Move over DIE HARD 2, you are no longer the least laudable film in the franchise. That mantle now comfortably and quite firmly passes on to the latest release in the action series – the absolutely abominable, poorly titled A GOOD DAY TO DIE HARD in which even Bruce Willis’ smirking charm cannot save viewers from sensing that this is not just the lame duck of an otherwise rather consistent pentalogy, but simply a bad film.
Traditionally, the DIE HARD films had never been about anything except rooting for the tenacity and indomitable will of John McClane, a one man army who took on the baddies with wit and determination. This template, considered wildly original at the time of the first films release 25 years ago, has often been imitated but never equaled and even though all the subsequent sequels were in some way cut from the same cloth, they remained endearing and entertaining on their own as well (including DIE HARD 2). This latest installment introduces us to McClane’s son Jack, a CIA agent stationed in Moscow (which seems to be lit by perpetual blue tint) on a clandestine, government assignment involving freeing a political prisoner.
When the operation is botched and Junior is sent to prison, Papa McClane hops on a plane on a rescue mission. In the midst of a widely publicized court hearing, where both Jack and the prisoner he was trying to free are being tried, an attack takes place bringing much of Moscow under the siege of gunfire and helicopter missiles. Father and son, resentful towards each other owing to their acrimonious past, team up and fight back, wrecking half the city, kicking Russian butt and cracking Yankee jokes, but where this is supposed to be exciting and adrenalized, it feels stale, familiar and exhaustive to sit through. A big part of the problem is the character of Jack himself, who we never get to know and yet are expected to cheer for from the very start. In a tiring-to-sit-through freeway chase that desperately tries to upstage MATRIX RELOADED for audacity and scale (yet completely fails) he crashes through walls, bridges and trucks to provide cinema spectacle, but all of this feels inert because the only thing we know about Jack up to this point is that he is John’s son, an association not strong enough on its own to make him the hero.

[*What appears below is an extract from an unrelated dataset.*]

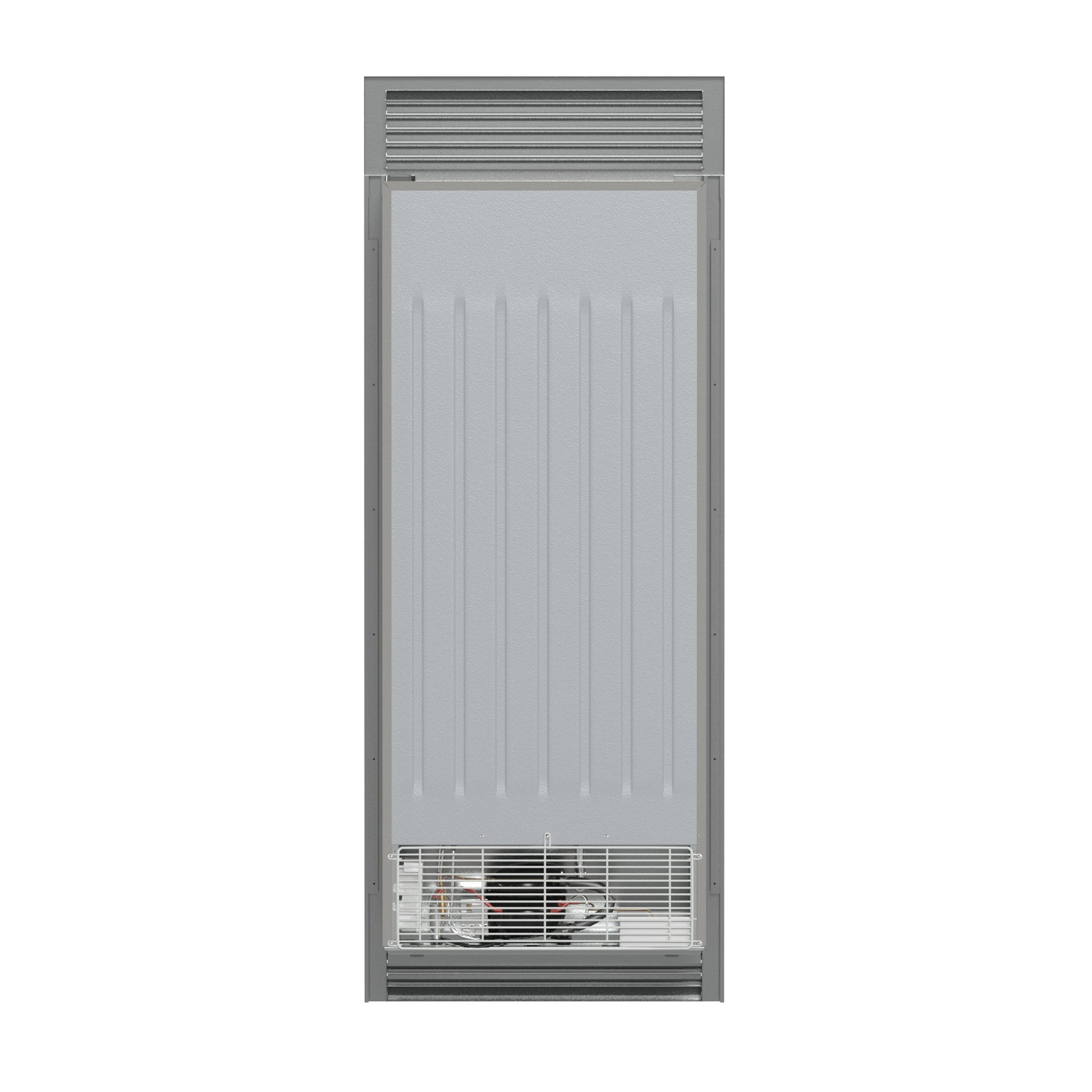 Forno Fortezza 32 Inch Right-Swing Convertible Refrigerator/Freezer with Trim Grill, Stainless Steel, Total No Frost - BonPrix Électroménagers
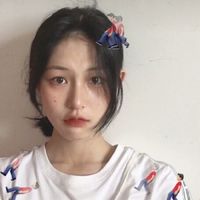 qq头像捂脸部女生(16)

It doesn’t help that Willis and Jai Courtney (previously seen as the gum chewing villain in JACK REACHER, another turkey) share absolutely no onscreen chemistry. Granted no one would expect a Riggs & Murtaugh like buddy partnership from them considering their fractured familial relationship, but they were so diametrically mismatched that I was instantly reminded of how much fun Willis and Samuel L. Jackson’s character, a complete stranger to McClane, were together in DIE HARD WITH A VENGEANCE. Willis himself functions on reserve, feeling less like the everyman his character represents and more like a wound up, senile old man proclaiming to everyone that he’s just ‘on vacation’. Perhaps it is time now for McClane to finally take a vacation, and a permanent one at that. Maybe a more fitting title for this episode would have been A GOOD DAY TO RETIRE instead?